### PROVIDED DATA

# # # #

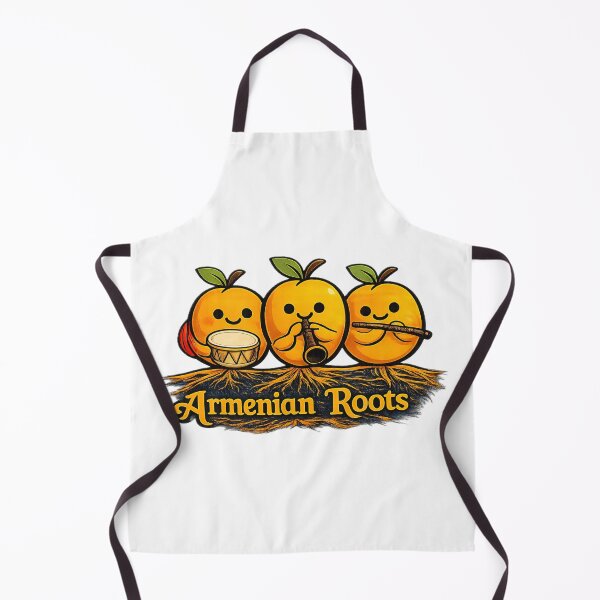 Item preview, Armenian Roots feat. The Apricot Trio designed and sold by TheApricotTrio.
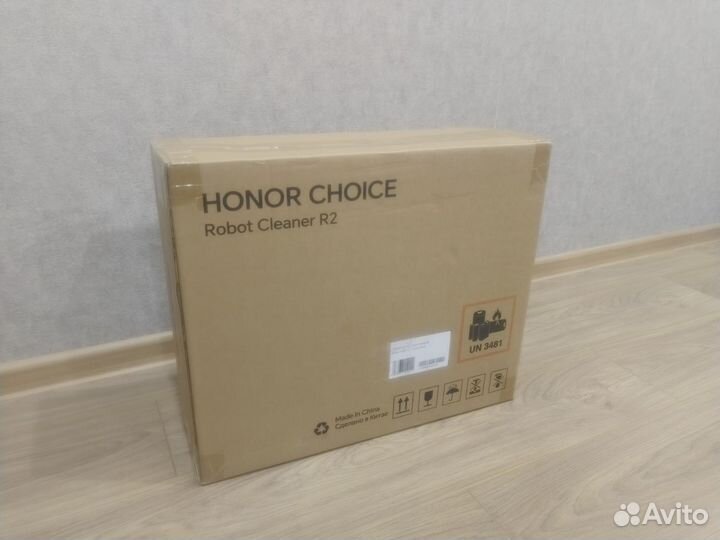 Робот-пылесос Honor Choice Robot Cleaner R2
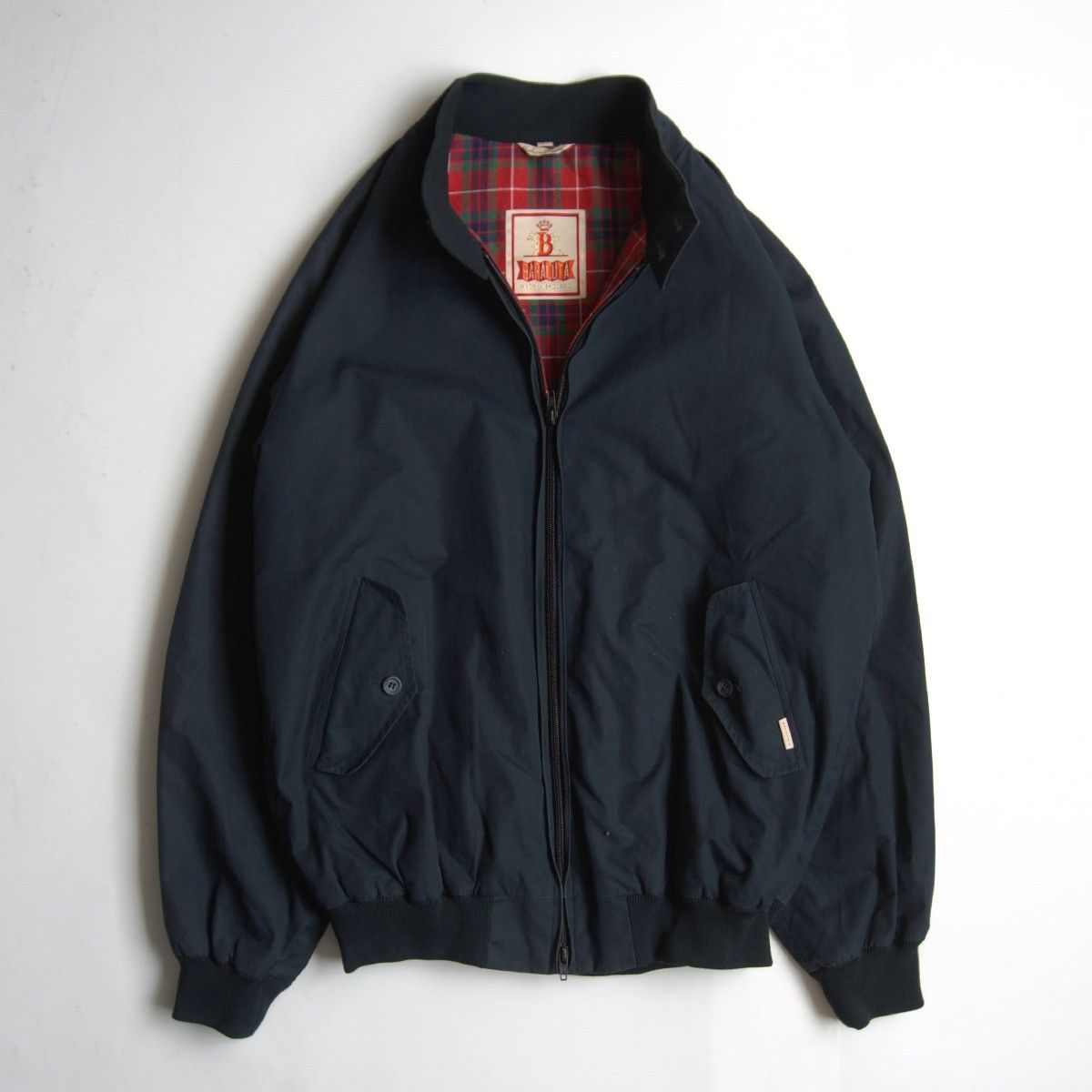 バラクータg9 サイズ42 BARACUTA バラクータ G9 サイズ42 - ジャケット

# # # #

### WHAT YOU NEED TO DO
Reproduce the listing in full and exactly, excluding any pictures it holds.

### SOLUTION TO THIS TASK
 Item preview, Armenian Roots feat. The Apricot Trio designed and sold by TheApricotTrio.
 Робот-пылесос Honor Choice Robot Cleaner R2
 バラクータg9 サイズ42 BARACUTA バラクータ G9 サイズ42 - ジャケット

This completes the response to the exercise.